Rioux wrote the vast majority of the more than 100,000 lines of code in the Veilid framework, while other members of cDc have been involved in testing and critiquing it and working on policies, documentation and the first apps.
“You can think of Tor as a privacy system for accessing websites. It anonymizes your source IP,” Rioux told The Washington Post, referring to the numerical designation often assigned to a traceable single computer. But Tor is complicated to use, Rioux said, “not very mobile-friendly and not very modern in how it’s constructed.”
“This is sort of like Tor, but for apps. Everybody’s got supercomputers in their pockets. Why not make the cloud everyone’s computers?”
Rioux and others working on Veilid said the key was to make it easy for developers and users, as easy as something like Facebook. Existing apps could make a version that works with Veilid and have their users be able to communicate without any third party being the wiser.
The project is run by a foundation that has applied for nonprofit 501c(3) status. The three directors are Rioux, a more recent cDc inductee named Katelyn Bowden, and a fellow traveler who was active in the 1990s hacking scene and has worked in security since then, Paul Miller.
Bowden, who has spent years advocating for victims of revenge porn, said she was motivated to help those with little money or power have the same secure communications as billionaires and experts. That includes girls and women seeking abortion information, who can be betrayed by common messaging apps.
“It’s very rare you come across something that isn’t selling your data,” Bowden said. “We are giving people the ability to opt out of the data economy. … Give the power back to the users, give them agency over their data, and screw these people that have made millions selling period information.”
Some veteran engineers who have tested the project’s code said it performed well.

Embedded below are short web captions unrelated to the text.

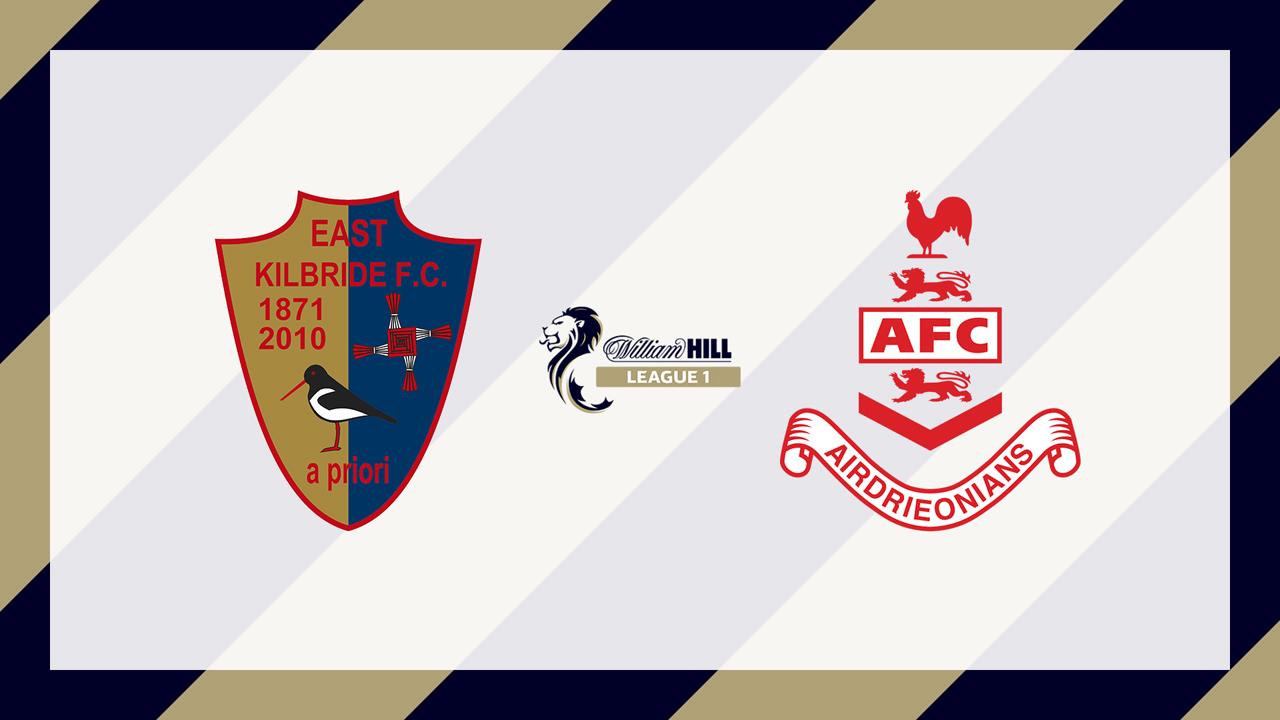 East Kilbride vs Airdrieonians poster
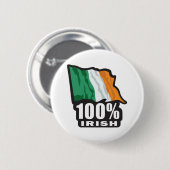 BADGE ROND 5 CM 100%-IRLANDAIS (Devant & derrière)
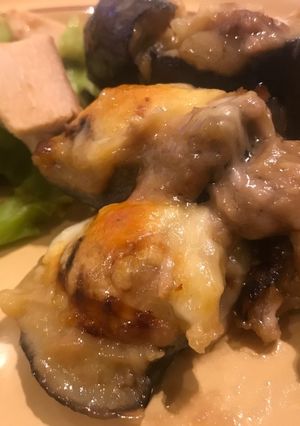 なすの味噌乗せチーズ焼き♡-レシピのメイン写真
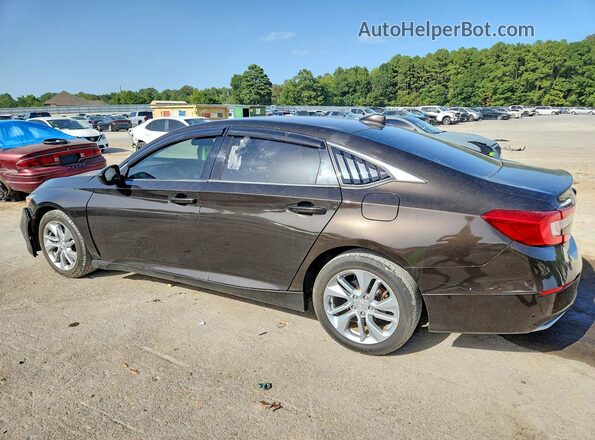 1HGCV1F11JA075601 2018 HONDA ACCORD Brown უკანა მარჯვენა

One of them, Kirk Strauser, said he was glad that Rioux incorporated proven protocols for encryption rather than trying to invent everything from scratch.
He compared Veilid to peer-to-peer pioneer Napster — something revolutionary constructed mainly from technologies that were already out in the world.

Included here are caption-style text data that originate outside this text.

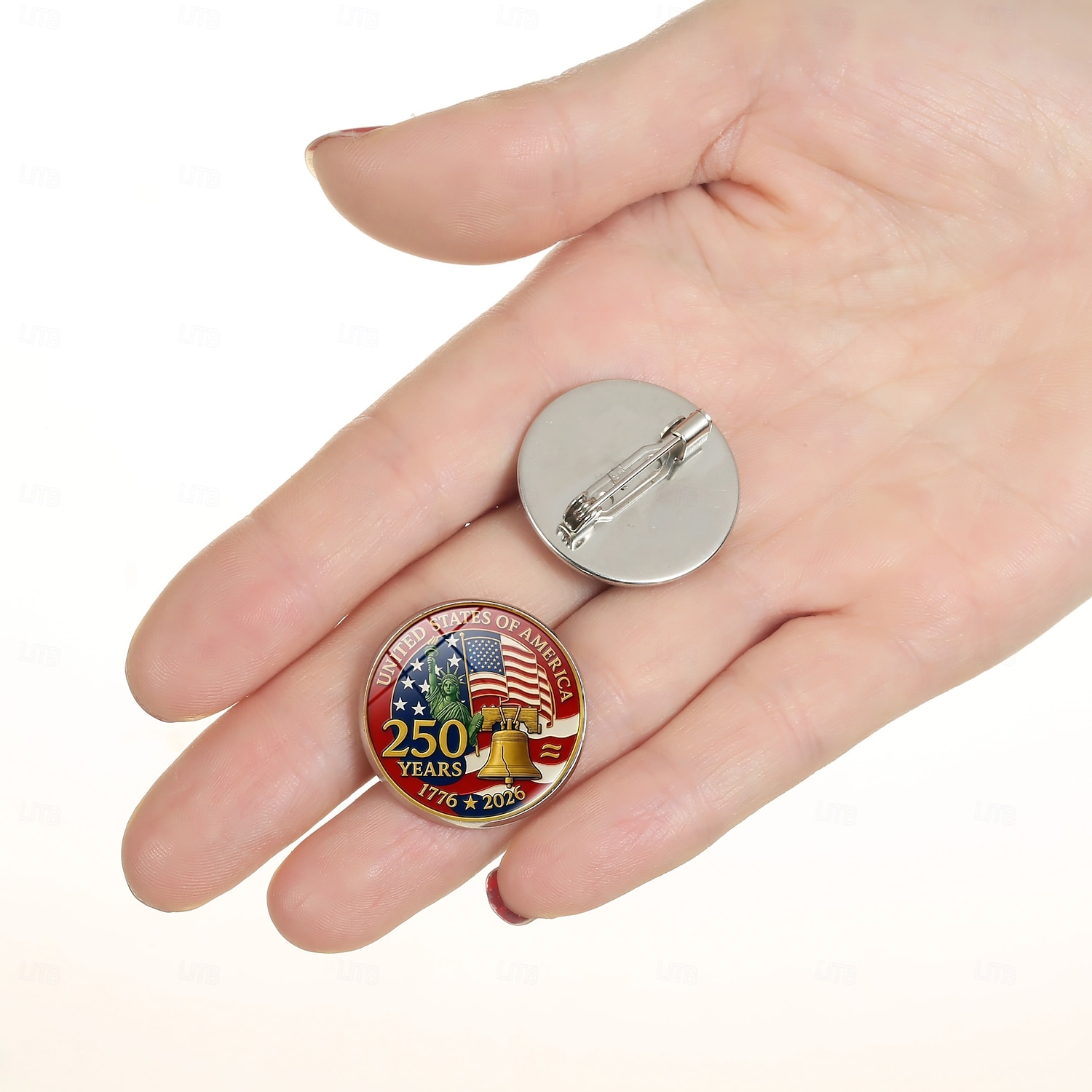 10 db-os amerikai 250. évfordulós bross kitűző, évfordulós hajtóka kitűző, 1776-2026 július negyedik függetlenségi napja, hazafias kiegészítők férfiaknak és nőknek 2026 - $16.99 –P2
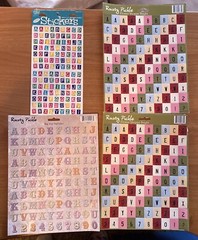 Lot of 15 Scrapbook Stickers-New.Martha Stewart, Rusty Pickle, Flair Design, Etc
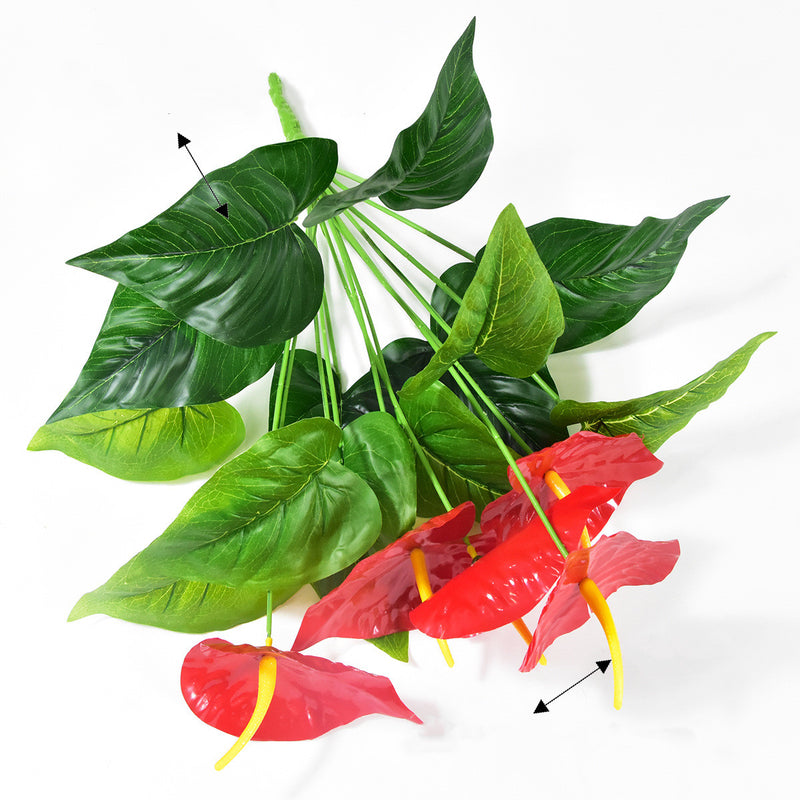 anthurium al por mayor A granel, 20 ", plantas de arbusto de anturio rojo, flores de flamenco — Artificialmerch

“It’s a new way of combining them to work together,” said Strauser, who is the lead security architect at a digital health company.
One of the most complex issues for Veilid is content moderation, which has been among the biggest problems at Twitter and Facebook.
Some new rivals to those established companies, such as Mastodon, have opted for what is known as federation, in which groups with their own rules connect loosely with other groups.
Facebook parent Meta says it will make its new Twitter rival, Threads, compatible with Mastodon and others. Informal Veilid adviser Micah Schaffer said that shows that big companies plan to use federation to “provide this illusion of choice. They embrace federation in a way that deflects accountability for their moderation decision — you can just go to another server.”
Full encryption means that moderators won’t be able to see interactions that are harmful, which is one reason that Veilid’s own networking app will have users invite specific followers.
“Veilid opens the door for a new generation of social apps that are safer by design,” said Schaffer, who built YouTube’s first safety team and later led public policy at Snap.
Rioux said he hopes his talk with Bowden opening the first full day of Def Con, along with a technical workshop and a party, will inspire the critical mass of enthusiasts Veilid needs to succeed.
“Def Con is a breeding ground of privacy-centric users and developers,” he said. “We’re launching at the right place to get out a batch of very interested people.”
The privacy and security establishment will be watching what happens closely.
“I am delighted that they are taking this bull by the horns,” said inventor Jon Callas, who co-founded PGP Corp. and the secure communications companies Silent Circle and Blackphone. “I look forward to seeing the details.”